▼
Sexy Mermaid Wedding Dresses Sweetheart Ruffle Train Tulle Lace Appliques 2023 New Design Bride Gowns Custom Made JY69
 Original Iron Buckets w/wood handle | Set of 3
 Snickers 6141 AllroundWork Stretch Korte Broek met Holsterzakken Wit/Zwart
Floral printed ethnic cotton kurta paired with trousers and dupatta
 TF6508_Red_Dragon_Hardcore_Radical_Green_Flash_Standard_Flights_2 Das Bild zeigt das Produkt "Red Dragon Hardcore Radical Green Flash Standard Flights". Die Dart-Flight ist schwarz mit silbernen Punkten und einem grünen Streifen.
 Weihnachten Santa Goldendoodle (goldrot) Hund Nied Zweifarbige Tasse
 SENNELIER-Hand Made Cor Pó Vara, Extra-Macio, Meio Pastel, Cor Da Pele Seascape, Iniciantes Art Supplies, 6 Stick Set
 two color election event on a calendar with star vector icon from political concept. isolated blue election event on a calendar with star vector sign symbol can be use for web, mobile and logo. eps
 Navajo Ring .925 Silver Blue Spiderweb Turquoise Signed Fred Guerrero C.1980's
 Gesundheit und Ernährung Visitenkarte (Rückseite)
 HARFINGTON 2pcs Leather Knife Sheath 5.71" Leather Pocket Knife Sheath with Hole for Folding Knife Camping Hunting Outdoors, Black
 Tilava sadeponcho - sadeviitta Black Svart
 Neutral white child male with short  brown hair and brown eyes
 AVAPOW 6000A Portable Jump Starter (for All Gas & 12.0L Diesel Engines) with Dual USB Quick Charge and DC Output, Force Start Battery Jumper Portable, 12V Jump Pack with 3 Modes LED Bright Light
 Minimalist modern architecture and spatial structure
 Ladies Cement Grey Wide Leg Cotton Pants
▲
● Task objective
Here, the lines to copy run from the one containing "AVAPOW 6000A Portable" to the final line of the listing; copy them exactly and nothing else.

● Answer to the problem
 AVAPOW 6000A Portable Jump Starter (for All Gas & 12.0L Diesel Engines) with Dual USB Quick Charge and DC Output, Force Start Battery Jumper Portable, 12V Jump Pack with 3 Modes LED Bright Light
 Minimalist modern architecture and spatial structure
 Ladies Cement Grey Wide Leg Cotton Pants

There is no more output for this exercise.